- [Stored data]
--------------------------------------------------
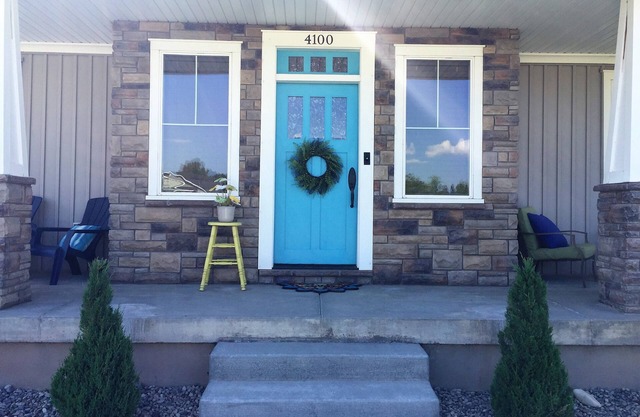 Beautiful Family Friendly Idaho Falls Home with 2 KING beds!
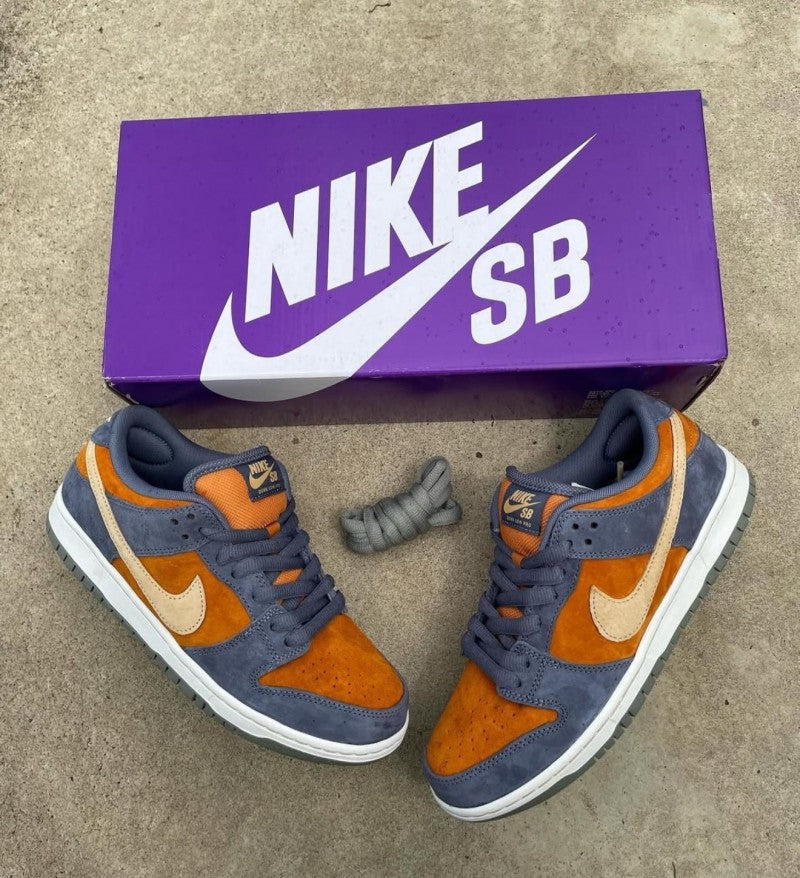 Nikkee SB Dunk Low PRO Light Carbon Monarch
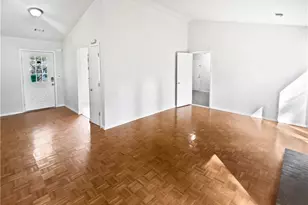 4727 Garden Hills Dr, Stone Mountain, GA 30083 - Photo 12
--------------------------------------------------
- [What this task involves] What is needed is the whole listing again, exactly as written, with the images left out.

- [Reply]
 Beautiful Family Friendly Idaho Falls Home with 2 KING beds!
 Nikkee SB Dunk Low PRO Light Carbon Monarch
 4727 Garden Hills Dr, Stone Mountain, GA 30083 - Photo 12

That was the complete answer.